The project represents an expansion of Bergé’s original ambition. After buying the restaurant, in 2000, Bergé acquired a sturgeon farm in southwestern France so Prunier could produce its own high-quality caviar. (Due to dwindling supply in the Black Sea, almost all caviar is farmed today.) Now Olma Luxury Holdings wants to expand the brand internationally, with the restaurant on Avenue Victor-Hugo in Paris ultimately serving as the mother ship.

Interior architect Alexandra Saguet masterminded Prunier’s design; oysters with caviar.

Working with design firms Studios Gohard and L’Atelier du Mur, interior architect Alexandra Saguet oversaw the restaurant’s smartly refreshed décor, which includes a makeover of the private dining rooms upstairs designed for Bergé by his friend Jacques Grange. In the main dining room, sleek wooden armchairs with nubby oyster-gray cotton seats and backs are interspersed with Pierre Frey fabrics and Art Deco–inspired wall panels.

Prunier is more of a cougar than a kitten. Its new soundtrack, which manages to be both lively in spirit and muted in volume, includes musicians from Barry White to Luther Vandross and Donna Summer—it’s a musical wink to the bacchanalias that Bergé and Saint Laurent once hosted here after runway shows.

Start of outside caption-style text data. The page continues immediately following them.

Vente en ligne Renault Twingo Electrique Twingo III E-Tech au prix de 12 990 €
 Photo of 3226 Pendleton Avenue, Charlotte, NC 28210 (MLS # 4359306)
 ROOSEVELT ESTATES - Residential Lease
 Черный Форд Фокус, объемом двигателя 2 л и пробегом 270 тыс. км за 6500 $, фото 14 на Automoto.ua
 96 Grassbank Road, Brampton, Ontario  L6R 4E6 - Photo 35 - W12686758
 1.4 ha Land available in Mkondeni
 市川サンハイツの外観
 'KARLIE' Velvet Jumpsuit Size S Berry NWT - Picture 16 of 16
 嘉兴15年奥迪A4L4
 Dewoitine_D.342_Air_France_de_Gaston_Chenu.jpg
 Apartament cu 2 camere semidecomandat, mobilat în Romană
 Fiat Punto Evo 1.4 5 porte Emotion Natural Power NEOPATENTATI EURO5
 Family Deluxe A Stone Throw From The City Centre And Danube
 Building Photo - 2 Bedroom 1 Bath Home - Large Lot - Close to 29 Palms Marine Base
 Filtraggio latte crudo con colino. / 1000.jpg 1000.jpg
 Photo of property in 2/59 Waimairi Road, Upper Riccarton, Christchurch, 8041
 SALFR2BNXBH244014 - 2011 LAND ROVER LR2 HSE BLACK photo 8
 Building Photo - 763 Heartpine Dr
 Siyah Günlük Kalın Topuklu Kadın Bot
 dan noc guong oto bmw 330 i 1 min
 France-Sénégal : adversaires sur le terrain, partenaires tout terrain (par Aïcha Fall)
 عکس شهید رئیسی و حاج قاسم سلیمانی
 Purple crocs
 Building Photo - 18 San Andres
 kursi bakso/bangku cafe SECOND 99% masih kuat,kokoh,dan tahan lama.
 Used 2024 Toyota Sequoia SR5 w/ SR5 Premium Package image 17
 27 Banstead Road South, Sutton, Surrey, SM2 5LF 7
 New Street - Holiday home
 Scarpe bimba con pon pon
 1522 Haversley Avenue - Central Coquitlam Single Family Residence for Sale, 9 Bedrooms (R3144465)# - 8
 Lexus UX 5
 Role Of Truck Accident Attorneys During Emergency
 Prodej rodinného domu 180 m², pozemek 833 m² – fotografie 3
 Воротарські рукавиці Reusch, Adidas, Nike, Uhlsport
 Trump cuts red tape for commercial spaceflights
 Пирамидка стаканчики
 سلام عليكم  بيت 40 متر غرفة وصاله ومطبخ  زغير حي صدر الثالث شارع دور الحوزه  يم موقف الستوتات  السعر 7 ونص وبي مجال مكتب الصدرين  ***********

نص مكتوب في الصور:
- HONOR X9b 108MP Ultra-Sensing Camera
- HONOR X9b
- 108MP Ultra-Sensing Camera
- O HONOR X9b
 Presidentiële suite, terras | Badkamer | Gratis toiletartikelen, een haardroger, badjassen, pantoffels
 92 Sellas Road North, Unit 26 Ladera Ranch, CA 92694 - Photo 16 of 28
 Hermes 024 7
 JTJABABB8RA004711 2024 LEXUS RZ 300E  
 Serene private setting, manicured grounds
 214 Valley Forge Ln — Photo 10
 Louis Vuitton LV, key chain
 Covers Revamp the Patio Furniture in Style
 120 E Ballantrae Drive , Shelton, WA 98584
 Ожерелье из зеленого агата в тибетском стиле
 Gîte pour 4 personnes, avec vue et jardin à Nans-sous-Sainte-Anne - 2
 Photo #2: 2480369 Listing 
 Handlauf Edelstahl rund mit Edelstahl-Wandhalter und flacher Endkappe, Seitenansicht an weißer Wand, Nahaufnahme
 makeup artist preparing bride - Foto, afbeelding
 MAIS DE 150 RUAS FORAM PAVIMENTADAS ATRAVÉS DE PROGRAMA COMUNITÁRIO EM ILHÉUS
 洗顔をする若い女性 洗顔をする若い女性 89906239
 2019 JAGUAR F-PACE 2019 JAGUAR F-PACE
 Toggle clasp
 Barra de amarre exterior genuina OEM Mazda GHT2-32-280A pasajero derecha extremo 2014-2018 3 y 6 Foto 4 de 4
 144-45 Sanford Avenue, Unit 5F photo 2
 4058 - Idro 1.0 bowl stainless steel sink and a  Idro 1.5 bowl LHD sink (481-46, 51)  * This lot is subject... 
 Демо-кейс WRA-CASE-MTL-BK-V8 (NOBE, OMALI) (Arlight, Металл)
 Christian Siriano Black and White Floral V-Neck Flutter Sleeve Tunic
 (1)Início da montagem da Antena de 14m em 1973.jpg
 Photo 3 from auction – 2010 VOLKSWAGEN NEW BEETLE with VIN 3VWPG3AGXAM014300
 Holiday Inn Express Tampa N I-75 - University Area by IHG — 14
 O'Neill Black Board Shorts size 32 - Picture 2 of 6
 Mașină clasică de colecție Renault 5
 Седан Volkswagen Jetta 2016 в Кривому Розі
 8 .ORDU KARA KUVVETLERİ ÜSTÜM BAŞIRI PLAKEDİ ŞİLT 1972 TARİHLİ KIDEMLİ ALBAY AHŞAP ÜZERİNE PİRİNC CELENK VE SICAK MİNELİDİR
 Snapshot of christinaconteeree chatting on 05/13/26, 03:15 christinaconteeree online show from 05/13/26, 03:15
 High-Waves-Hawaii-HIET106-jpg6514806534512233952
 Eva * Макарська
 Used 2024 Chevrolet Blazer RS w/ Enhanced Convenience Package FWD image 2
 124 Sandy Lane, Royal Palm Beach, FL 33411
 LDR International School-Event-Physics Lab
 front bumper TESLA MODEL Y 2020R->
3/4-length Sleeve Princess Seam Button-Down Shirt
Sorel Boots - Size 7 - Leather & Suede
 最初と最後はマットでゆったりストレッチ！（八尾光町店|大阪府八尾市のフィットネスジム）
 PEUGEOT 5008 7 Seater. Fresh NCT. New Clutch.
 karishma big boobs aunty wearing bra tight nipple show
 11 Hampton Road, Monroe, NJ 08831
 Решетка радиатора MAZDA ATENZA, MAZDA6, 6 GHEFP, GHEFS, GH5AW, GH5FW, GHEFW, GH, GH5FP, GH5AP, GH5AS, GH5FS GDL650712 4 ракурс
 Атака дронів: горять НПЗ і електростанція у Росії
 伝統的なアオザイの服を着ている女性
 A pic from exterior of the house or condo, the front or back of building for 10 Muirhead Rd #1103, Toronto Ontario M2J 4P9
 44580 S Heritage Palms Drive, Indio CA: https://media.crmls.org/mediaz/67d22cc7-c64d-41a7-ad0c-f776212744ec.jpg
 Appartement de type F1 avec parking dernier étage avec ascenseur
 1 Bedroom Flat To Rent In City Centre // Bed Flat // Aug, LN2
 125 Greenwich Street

Still, Prunier instinctively abides by that most essential of Parisian social codes: Romance is born of restrained elegance.

Prunier’s Salle Principale has long been a stomping ground for the beau monde of Paris.

“Giving a new life to a grande dame of a restaurant is a challenge I love, because these living monuments are what make Paris Paris,” says Alléno. “These re-inventions are complicated, though, since they must be done with restraint and delicacy. I’ve aspired to re-invigorate their identities by sublimating them and flattering them, not changing them.”

Prunier is more of a cougar than a kitten.

He might have added “humility,” since it’s always been at the core of his cooking. Alléno is fixated on expressing the very essence of a product, and it has served him well throughout his career. From 2003 through 2012, he was the head chef at Le Meurice, where he earned three Michelin stars. Then, in 2014, he took over Pavillon Ledoyen, in the gardens of the Champs-Élysées, and relaunched it as Alléno Paris. Voilà—another three stars.

At Prunier, the dishes are as elegantly constructed as the dining room.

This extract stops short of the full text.